Dalam beberapa kasus, bangunan-bangunan dan lingkungan bersejarah atau segi yang menarik dari asitektur dari beberapa bagian kota menghilang, oleh kelalaian dan kerusakan, atau penghancuran yang sengaja hingga mengubah karakter spesifik atau khas suatu pusat kota dan menggantinya dengan konstruksi modern yang berkesan monoton dan kurang pantas. Masalah kritis yang dihadapi saat ini berkaitan dengan pemeliharaan, kata Wiyogo yang menjabat sebagai Ketua Yayasan Warisan Budaya Indonesia, adalah bagaimana membuat warisan budaya/sejarah di pusat kota tetap “hidup”, dan memainkan peranan dalam proses percepatan pertumbuhan kota
“Pelestarian mungkin merupakan jawabannya,” kata Wiyogo lagi. Pelestarian, dalam kenyataannya harus menjadi suatu kontrol dan bahkan membimbing pembangunan dan perkembangan baru di pusat kota. Di mana konstruksi bangunan-bangunan baru menyatu dengan harmonis dengan bangunan kuno dalam pola tata kota.
Sebuah program pelestarian yang berhasil, harus mampu menstabilisasikan perkembangan modem dari suatu kota. Dan pada saat yang bersamaan, sekaligus merehabilitasi bangunan kuno dan bersejarah serta lingkungannya.
Penghargaan Budaya
Sementara itu, dalam acara simposium yang berlangsung sampai I Oktober 1996, juga diserahkan penghargaan warisan budaya Yogyakarta HeritageTrustAward, untuk bangunan-bangunan kuno yang berusia lebih dari 50 tahun atau bangunan baru yang didesain dengan memperhatikan lingkungan sekitarnya. Gaya bangunannya bisa berupa gaya “kebudayaan tinggi” (high-culture), gaya kolonial atau gaya Jawa.
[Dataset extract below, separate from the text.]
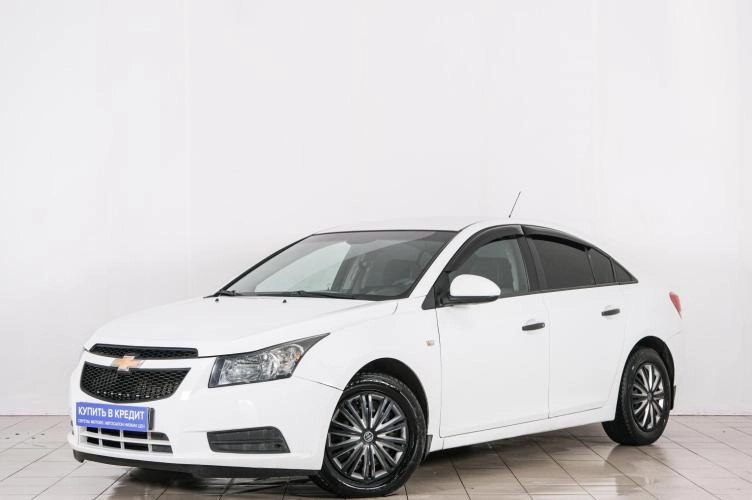 Chevrolet Cruze 3 из 6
Bangunan-bangunan yang mendapat penghargaan itu adalah Hotel Phoenix Heritage, Yogyakarta. Bangunan yang terletak di Jalan Jenderal Sudirman kota itu, awalnya adalah rumah pribadi yang dibangun tahun 1918.
Gedung BNI 46 Yogyakarta di Jalan . Ahmad Dahlan juga memperoleh penghargaan serupa. Bangunan itu awalnya adalah kantor sebuah lembaga perdagangan di zaman Hindia Belanda. Tiga bangunan lainnya yang mendapat penghargaan sama adalah rumah Keluarga Sardjono, rumah Keluarga Suyatin, dan rumah Atmo Sudigdo.
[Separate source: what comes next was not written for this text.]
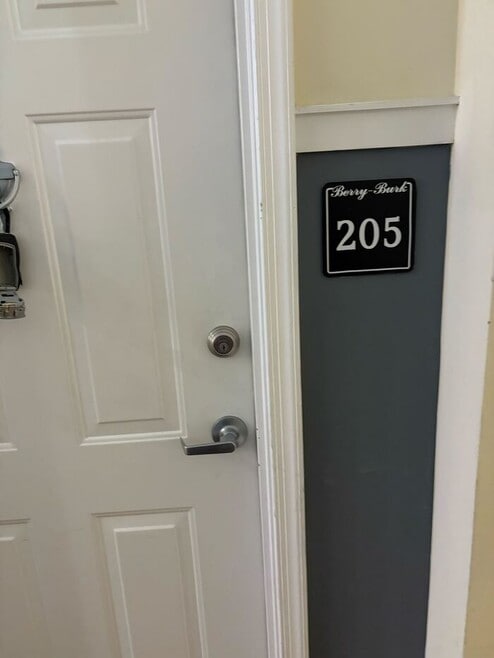 Building Photo - 525 E Grace St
Simposium kali ini merupakan simposium internasional ke-5 dari Asia and West Pacific Network for Urban Conservation (AWPNUC) dan diikuti oleh para peserta dari Malaysia, Singapura, Australia, Taiwan, Hong Kong, Inggris, Jepang, dan nian rumah Indonesia.
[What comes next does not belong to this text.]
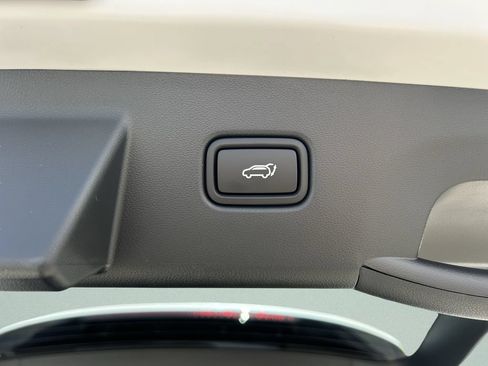 New 2026 Hyundai Tucson Limited AWD/4WD image 16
Selain bersimposium, para peserta juga akan mengunjungi sejumlah bangunan bersejarah di Yogyakarta. Serta mengadakan kunjungan dan berdialog dengan penduduk di Desa Ratmakan serta Pasar Beringhaijo. Peserta juga akan melanjutkan diskusi di beberapa bangunan kuno di Kotagede.